**What this task involves:** The reply is to be the lines from the one with "Dentro del enorme" through the last line of the records below, each retyped exactly, with pictures left out.

Pictures with short captions
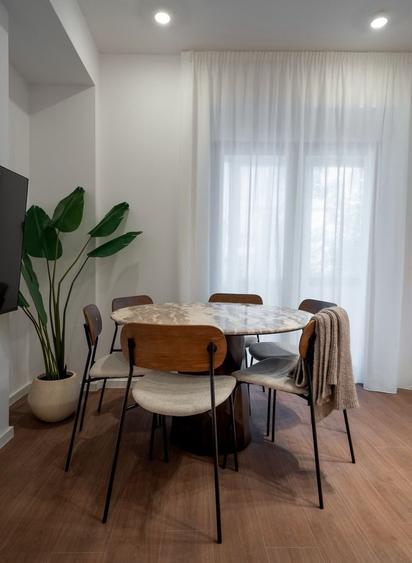 Apartament cu 4 camere, mobilat în Dorobanți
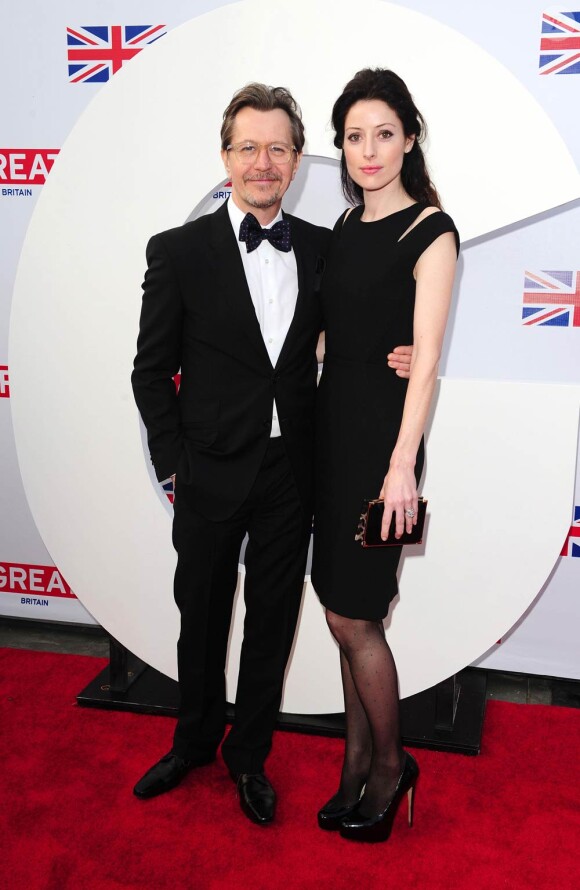 Gary Oldman et sa femme Alexandra Edenborough lors de la soirée pré-Oscars du consulat britannique à Los Angeles, le 24 février 2012.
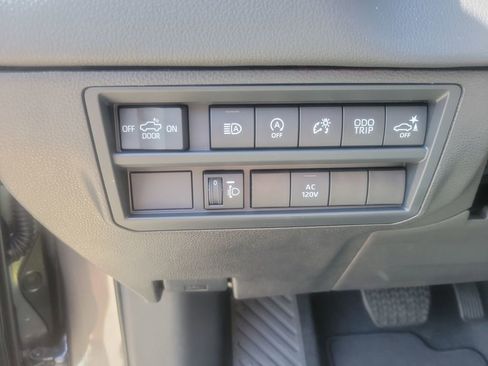 Certified 2026 Toyota Tundra Limited w/ Power Package AWD/4WD image 29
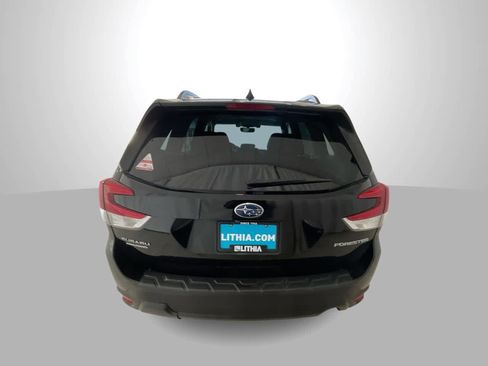 Used 2021 Subaru Forester Premium AWD/4WD image 7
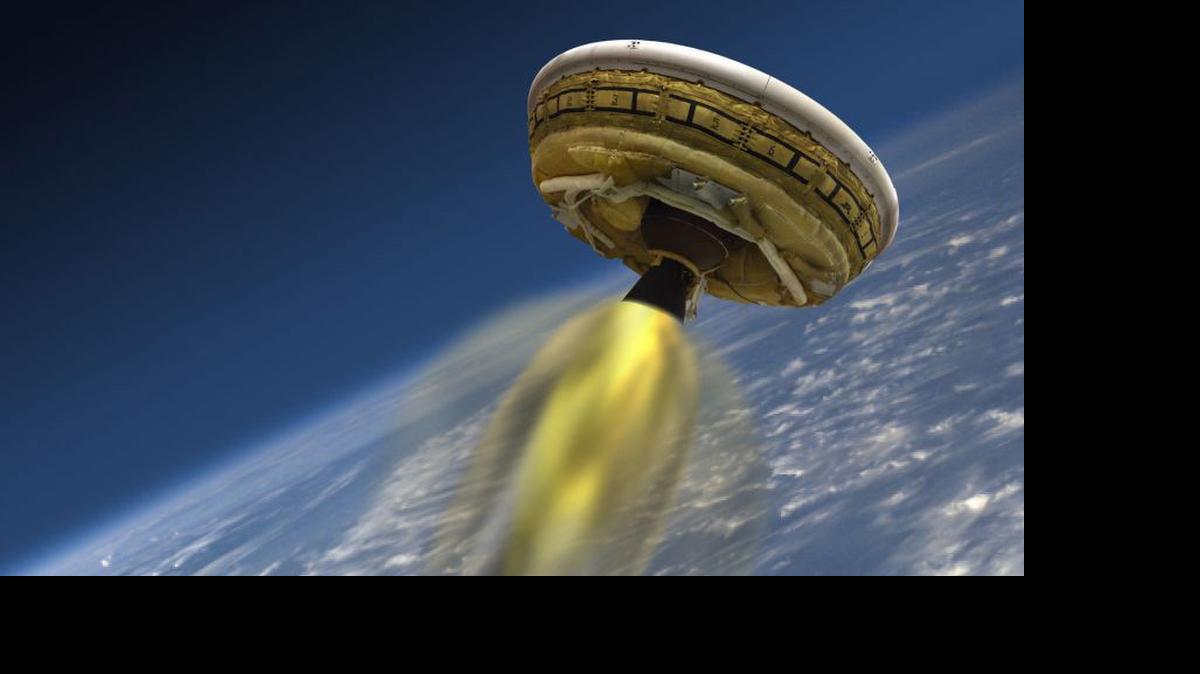 
Dentro del enorme globo que lanzó el lunes la NASA iba esta especie de platillo volador con el objetivo de posar en Marte naves tripuladas.
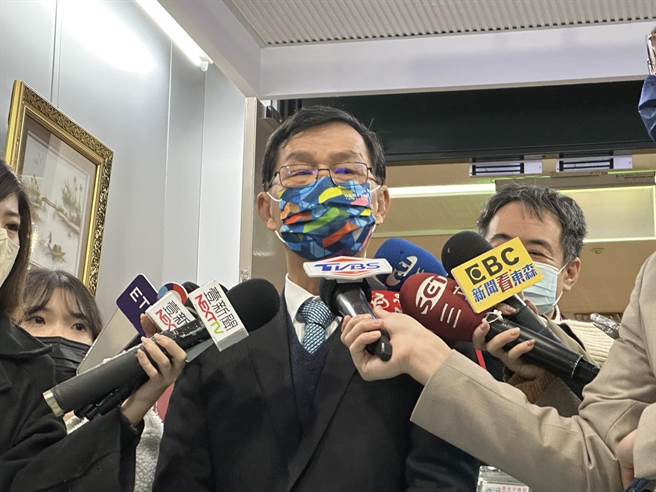 北市府副市长彭振声今天接受联访。（杨亚璇摄）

**Answer below:**
Dentro del enorme globo que lanzó el lunes la NASA iba esta especie de platillo volador con el objetivo de posar en Marte naves tripuladas.
 北市府副市长彭振声今天接受联访。（杨亚璇摄）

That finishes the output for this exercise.